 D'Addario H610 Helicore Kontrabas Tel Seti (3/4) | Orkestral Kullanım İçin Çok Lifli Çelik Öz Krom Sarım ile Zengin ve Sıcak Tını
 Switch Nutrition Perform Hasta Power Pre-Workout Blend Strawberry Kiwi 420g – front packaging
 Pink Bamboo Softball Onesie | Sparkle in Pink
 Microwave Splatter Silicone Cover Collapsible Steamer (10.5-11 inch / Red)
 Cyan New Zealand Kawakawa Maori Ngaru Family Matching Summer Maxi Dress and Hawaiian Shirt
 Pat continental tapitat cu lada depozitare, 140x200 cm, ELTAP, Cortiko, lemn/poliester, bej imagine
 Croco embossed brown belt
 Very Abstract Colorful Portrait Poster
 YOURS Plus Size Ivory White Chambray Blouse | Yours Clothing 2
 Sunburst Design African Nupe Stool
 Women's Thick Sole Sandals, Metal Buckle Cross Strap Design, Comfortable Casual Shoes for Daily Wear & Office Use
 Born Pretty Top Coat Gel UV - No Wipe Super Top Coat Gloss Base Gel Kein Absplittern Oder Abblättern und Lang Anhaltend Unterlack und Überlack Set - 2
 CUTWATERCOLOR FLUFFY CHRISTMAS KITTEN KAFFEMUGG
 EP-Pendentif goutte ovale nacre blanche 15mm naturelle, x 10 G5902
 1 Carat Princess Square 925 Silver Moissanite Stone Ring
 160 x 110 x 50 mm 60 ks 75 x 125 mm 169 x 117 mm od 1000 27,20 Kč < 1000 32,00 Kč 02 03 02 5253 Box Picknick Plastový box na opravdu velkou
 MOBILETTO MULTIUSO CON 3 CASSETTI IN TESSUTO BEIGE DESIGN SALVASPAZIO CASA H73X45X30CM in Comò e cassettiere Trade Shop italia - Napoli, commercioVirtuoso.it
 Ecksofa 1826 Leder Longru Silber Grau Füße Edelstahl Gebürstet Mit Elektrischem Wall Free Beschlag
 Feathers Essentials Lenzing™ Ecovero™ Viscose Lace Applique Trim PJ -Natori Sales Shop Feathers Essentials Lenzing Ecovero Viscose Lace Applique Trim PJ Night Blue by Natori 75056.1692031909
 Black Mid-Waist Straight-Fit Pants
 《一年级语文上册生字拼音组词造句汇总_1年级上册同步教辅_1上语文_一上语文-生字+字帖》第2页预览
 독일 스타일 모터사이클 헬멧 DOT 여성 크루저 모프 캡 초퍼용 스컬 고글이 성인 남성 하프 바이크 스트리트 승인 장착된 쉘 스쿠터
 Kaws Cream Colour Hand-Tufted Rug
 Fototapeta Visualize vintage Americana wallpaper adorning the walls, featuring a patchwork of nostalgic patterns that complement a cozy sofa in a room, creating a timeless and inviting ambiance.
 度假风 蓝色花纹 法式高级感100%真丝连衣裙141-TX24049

What this task involves: Beginning with the line above that contains "Black Mid-Waist Straight-Fit Pants", copy each line exactly up to and including the line that contains "Kaws Cream Colour Hand-Tufted Rug", and go no further.

Exercise output:
 Black Mid-Waist Straight-Fit Pants
 《一年级语文上册生字拼音组词造句汇总_1年级上册同步教辅_1上语文_一上语文-生字+字帖》第2页预览
 독일 스타일 모터사이클 헬멧 DOT 여성 크루저 모프 캡 초퍼용 스컬 고글이 성인 남성 하프 바이크 스트리트 승인 장착된 쉘 스쿠터
 Kaws Cream Colour Hand-Tufted Rug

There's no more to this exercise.